About this task:
Print the data below exactly, but only the lines from the one containing "Phone icon vector" down to the one containing "White Mirrors for", inclusive.

Source data:

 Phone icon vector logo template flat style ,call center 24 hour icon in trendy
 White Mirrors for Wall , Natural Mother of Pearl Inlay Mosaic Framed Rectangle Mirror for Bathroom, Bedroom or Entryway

...

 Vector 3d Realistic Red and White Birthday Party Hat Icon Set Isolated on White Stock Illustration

Task result:
 Phone icon vector logo template flat style ,call center 24 hour icon in trendy
 White Mirrors for Wall , Natural Mother of Pearl Inlay Mosaic Framed Rectangle Mirror for Bathroom, Bedroom or Entryway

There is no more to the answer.